Jonah 2:10-3:3a – The God of Second Chances

Jonah got a second chance. Yahweh commissioned him a “second time” even though Jonah willfully, deliberately, absolutely, and defiantly told God “No!” and rejected the first commission.

Yahweh said, “Go to Nineveh,” and Jonah got on a boat to Tarshish in the opposite direction.

Yahweh said, “Be my messenger of grace to lost souls,” and Jonah refused to become an instrument of God’s grace to an evil people.

Yahweh said, “Show Nineveh the same kind of mercy I have shown Israel,” and Jonah thought Nineveh was undeserving and snubbed God’s call.

But Jonah got a second chance, a second commission.   On dry land again, Jonah got up and went to Nineveh and God used Jonah despite his abject refusal of the first call.

God is merciful.

On Dry Land Again

Jonah’s poetic thanksgiving prayer is book-ended by narrative prose, which highlights a significant move in Jonah’s story.

The Lord provided a large fish to swallow up Jonah. Jonah was in the belly of the fish for three days and nights. Then Jonah prayed to the Lord his God from the belly of the fish (Jonah 1:17-2:1).

The Song of Thanksgiving (2:2-9).

Then the Lord spoke to the fish, and it spewed Jonah out upon the dry land (2:10).

The movement from (1) the sea to (2) inside the belly of the fish to (3) the dry land is Jonah’s deliverance. Jonah is rescued from drowning in the chaotic sea through the great fish and travels to dry land in the belly of the fish. Grateful for deliverance, Jonah gives thanks while still in the belly of the fish as he anticipates his eventual deliverance, that is, walking again on dry land.

The narrator’s word choices are interesting. While describing Jonah’s deliverance, the author uses language that typically describes a shattering experience rather than a liberating one. “Swallow up” (cf. Exodus 15:12; Numbers 16:30-32; Hosea 8:8) and “vomit out” (Leviticus 18:25; 20:22) are most often metaphors for destruction rather than salvation. These two ideas—though not the same Hebrew words—are connected in Jeremiah where Yahweh makes Bel, a Babylonian god, “vomit what he swallowed” (Jeremiah 51:44).

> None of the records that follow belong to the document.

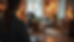 Eye-level view of a person filming a vlog with a camera on a tripod in a cozy indoor setting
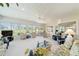 Bright sunroom with multiple seating areas and scenic views of the surrounding landscape at 13165 Se 93Rd Cir, Summerfield, FL 34491
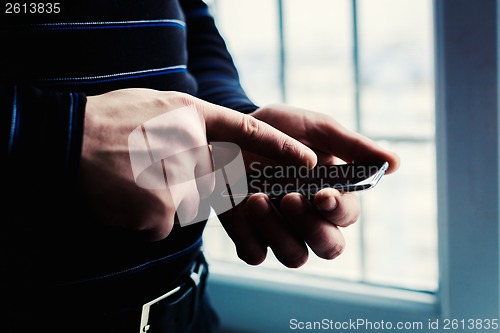 Image of The man is using a smartphone. Modern mobile phone in hand.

In essence, as readers we expect these words to serve as metaphors for destruction and rejection. However, in the narrative of Jonah, they are metaphors for deliverance. This serves the narrator’s ironic bent. When the great fish swallows Jonah, it rescues Jonah. When the great fish vomits up Jonah, it delivers Jonah to dry land. God reverses Jonah’s fight and flight, and the narrator uses ironic language to describe it. Jonah is swallowed up and spit out on dry land….and this for his own good and salvation.

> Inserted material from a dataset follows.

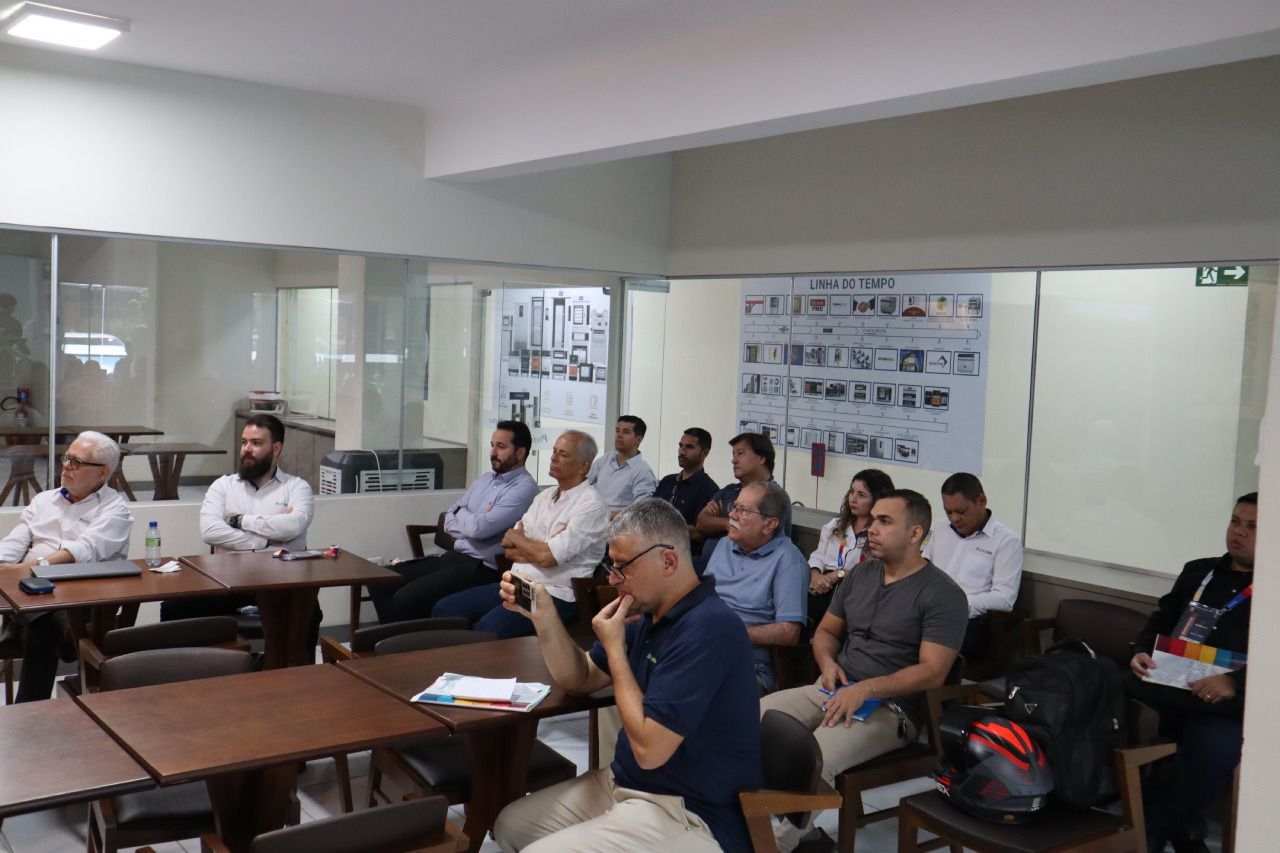 Um grupo de pessoas está sentado em mesas em uma sala.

“Dry land” is also loaded language in the Hebrew Bible. This is creation language where “dry land” emerges from the waters (Genesis 1:9), and we remember Jonah himself confessed he worships the “God of heaven, who made the sea and the dry land” (Jonah 1:9). Moreover, Israelite readers would hardly miss the allusion to Israel’s liberation from Egyptian bondage as they walked on dry ground across the Red Sea (Exodus 15:19).

Jonah is liberated. Jonah experiences a new Exodus. Jonah is given a new beginning, as in the act of creation itself. And Jonah represents Israel. What will Israel do? What will Jonah do? What will Jonah do with his “second chance”?

Jonah Accepts the Commission

Kevin Youngblood (Jonah: A Scandalous Mercy, p. 45) describes the movement within the narrative in this way: Jonah moves from resistance to acceptance and then from acceptance to resentment.

When Yahweh issued the first commission, Jonah resisted, but now when Yahweh re-commissions Jonah, he accepts. However, his acceptance is rather apathetic. It is more begrudging than enthusiastic. Ultimately, Jonah resents the commission.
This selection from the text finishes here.